However it combined the new with a familiar, indigenous language
of forms: Horseshoe
arches were fashioned or painted with alternating voussoirs.
These forms evoked both Umayyad hegemony in Damascus (alternating
voussoirs -- in Damascus and Jerusalem are made in the Late
Roman way with Opus
Sectile (*), here, where there is no marble, they are constructed
of alternating stone and brick). Umayyad oneness reflects local
identity and tradition: horseshoe arches, which derive from
architecture of the Visigothic period; Corinthian capitals,
which are part of the continuous classical tradition shared
by the Umayyads and the indigenous Spanish Roman culture.

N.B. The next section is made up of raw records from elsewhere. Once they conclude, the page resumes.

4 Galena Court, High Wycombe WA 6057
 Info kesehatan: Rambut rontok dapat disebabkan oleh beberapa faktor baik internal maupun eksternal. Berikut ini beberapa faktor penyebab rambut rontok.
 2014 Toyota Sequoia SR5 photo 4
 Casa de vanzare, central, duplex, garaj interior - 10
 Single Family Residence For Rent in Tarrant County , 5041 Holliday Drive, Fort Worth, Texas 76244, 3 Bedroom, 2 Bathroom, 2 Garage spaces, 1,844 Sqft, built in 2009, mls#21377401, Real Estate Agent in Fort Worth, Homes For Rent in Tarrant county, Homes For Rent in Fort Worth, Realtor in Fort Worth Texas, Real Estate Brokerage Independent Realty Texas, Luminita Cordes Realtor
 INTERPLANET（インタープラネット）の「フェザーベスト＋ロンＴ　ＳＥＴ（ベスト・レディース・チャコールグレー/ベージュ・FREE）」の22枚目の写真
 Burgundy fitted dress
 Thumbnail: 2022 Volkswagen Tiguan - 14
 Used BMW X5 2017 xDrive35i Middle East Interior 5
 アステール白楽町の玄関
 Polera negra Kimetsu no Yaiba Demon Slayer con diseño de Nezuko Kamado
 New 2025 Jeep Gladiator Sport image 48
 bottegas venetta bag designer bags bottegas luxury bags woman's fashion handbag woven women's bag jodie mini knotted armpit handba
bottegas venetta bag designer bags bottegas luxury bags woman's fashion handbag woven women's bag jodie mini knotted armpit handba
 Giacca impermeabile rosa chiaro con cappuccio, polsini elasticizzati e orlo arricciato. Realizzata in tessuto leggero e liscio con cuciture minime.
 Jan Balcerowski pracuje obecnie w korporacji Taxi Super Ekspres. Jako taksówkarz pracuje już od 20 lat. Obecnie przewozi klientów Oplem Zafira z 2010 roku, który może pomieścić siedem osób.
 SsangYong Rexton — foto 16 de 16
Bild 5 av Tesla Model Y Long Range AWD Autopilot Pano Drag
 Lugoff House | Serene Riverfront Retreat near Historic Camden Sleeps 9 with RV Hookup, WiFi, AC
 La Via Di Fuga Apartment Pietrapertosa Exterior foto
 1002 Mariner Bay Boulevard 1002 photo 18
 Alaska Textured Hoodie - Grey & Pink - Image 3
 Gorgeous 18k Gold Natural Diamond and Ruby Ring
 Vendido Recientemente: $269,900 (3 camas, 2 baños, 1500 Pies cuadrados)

These
are featured architectural elements, but the player is placed
in a space clearly structured, parented, by the new regime.
(See: Jerrilynn Dodds, (in) Al Andalus, "The Great Mosque of
Cordoba," pp. 11ff.)
The arcades are doubled: superposed, making what could have
been a monotonous interior complex and puzzling. The color and
complexity of the elevation engage one; the architectural forms,
taken apart and reassembled (alternating voussoirs, superposed
arches) become the morphemes of an abstract decorative scheme.
10th Century
Though the Abbasids are still in power, the Umayyads of Cordoba
determine to claim right to be Caliphs themselves. Abd
al Rahman III does this, and builds a tall "minaret" for
the mosque and expands the sahn, so that it resembles the plan
of the sahn at Damascus.
Other changes made to the mosque by his son al-Hakam
II are intended to link the mosque to the lost days of Umayyad
hegemony in Damascus, reminding others of their ancient claim
to the Caliphate: in particular, an elaborate Qibla wall with
mosaics evoke the mosaics used by Umayyads at Damascus.
However the search for ceremonial and architectural forms
which might express this new authority also include a basilical
structure of three aisles inscribed in the hypostyle additions
of al Hakam II (view down aisle). These culminate in the mihrab
and two side doors (one, a treasury, and the other, the Caliph's
private entrance to the mosque) which resemble a Christian
church (three doors). Clearly no allusion to Christianity
is implied here; rather, Christian worship's rhetorical power,
commented on by more than one Umayyad writer, is appropriated
here in the interests of promoting the authority of the new
Caliphate. In this spirit, the form was probably meant to
be perceived as a palatine one, for a similar three-aisled
basilica, culminating this time in a single horseshoe arch,
had been built earlier in the Umayyad palace of Madinat al-Zahra.